Çağ değişse de, içimizde ve dışarıda yaşadığımız karanlıklar kolay değişmiyor.
Bu yıl 8 Mart'ı bize özgü sorunların yanında, bir savaşın karanlığı altında kutluyoruz. Çocukların ve sivillerin kanları her yerde dökülmeye devam ediyor.
Türkiye’nin evrensel hukuk değerleri ile bağının kopartılması için koşar adım çabalayan bir cenahın akıl dışı adımları bitmek bilmiyor.
2021’de sadece bir gecede İstanbul Sözleşmesi hukuksuzca fesh edilmişti.
İktidar gücünü elinde tutanların; sözleşmenin temsil ettiği şiddetsiz ve eşit yaşama hakkını, kadınların, çocukların ve LGBTİ+ bireylerin elinden alma kavgası her geçen gün barizleşiyor.
*
Ve ne yazık ki şiddete dair rakamlar katlanarak artmaya devam ediyor.

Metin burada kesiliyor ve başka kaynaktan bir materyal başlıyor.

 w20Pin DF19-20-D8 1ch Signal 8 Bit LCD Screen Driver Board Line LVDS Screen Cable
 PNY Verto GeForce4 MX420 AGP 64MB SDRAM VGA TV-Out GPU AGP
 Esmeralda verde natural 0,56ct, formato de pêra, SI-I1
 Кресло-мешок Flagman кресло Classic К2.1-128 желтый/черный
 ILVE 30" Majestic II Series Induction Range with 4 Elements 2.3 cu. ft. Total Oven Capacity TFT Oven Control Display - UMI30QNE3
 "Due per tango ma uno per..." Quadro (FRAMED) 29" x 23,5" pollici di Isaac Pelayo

Erkek şiddeti, günden güne çoğalan sistematik bir vahşetle her yerde. Yalnızca 2021’de 280 kadın öldürüldü, 217 kadınımız şüpheli şekilde ölü bulundu.
Kürtaj hakkına müdahale ediliyor, kız çocukları hala okula gönderilmeyerek zorla evlendiriliyor, önce kadınların emeği sömürülüyor.
**
Peki ne yapabiliriz?
İzlemekten vazgeçebiliriz.
Her türlü ayrımcılığa, şiddete karşı sesimizi yükseltebilir, tanık olduğumuz şiddeti ilgili makamlara haber verebiliriz.

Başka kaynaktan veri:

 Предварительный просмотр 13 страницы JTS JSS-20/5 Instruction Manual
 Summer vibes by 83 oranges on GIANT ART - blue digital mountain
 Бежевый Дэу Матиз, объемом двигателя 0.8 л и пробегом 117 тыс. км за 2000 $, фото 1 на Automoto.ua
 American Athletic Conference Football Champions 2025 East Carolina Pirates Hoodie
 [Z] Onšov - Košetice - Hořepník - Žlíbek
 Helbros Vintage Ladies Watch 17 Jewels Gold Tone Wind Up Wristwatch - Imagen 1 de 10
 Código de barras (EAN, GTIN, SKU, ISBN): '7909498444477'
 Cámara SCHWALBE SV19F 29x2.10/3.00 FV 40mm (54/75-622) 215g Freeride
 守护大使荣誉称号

Cinsiyet ayrımcılığına karşı eşitlik talebimizi haykırabiliriz.
Bunu yapan o kadar çok sayıda örgüt ve mücadeleci insanımız var ki..
*
Önceki gün Hollanda Büyükelçisi Marjanne de Kwaasteniet’in konutunda toplumsal bilincin yükseltimesi ve eşitlik mücadelesi veren 8 projenin temsilcileri olarak bir araya geldik.
Hakkari Yüksekova’dan Mersin’e, Eskişehir’den Mardin’e kadar kadınlarımız müthiş işler başarıyor.
Bizleri buluşturan ortak nokta, gerçekleştirmekte olduğumuz insan hakları projelerinin Hollanda tarafından desteklenmesi.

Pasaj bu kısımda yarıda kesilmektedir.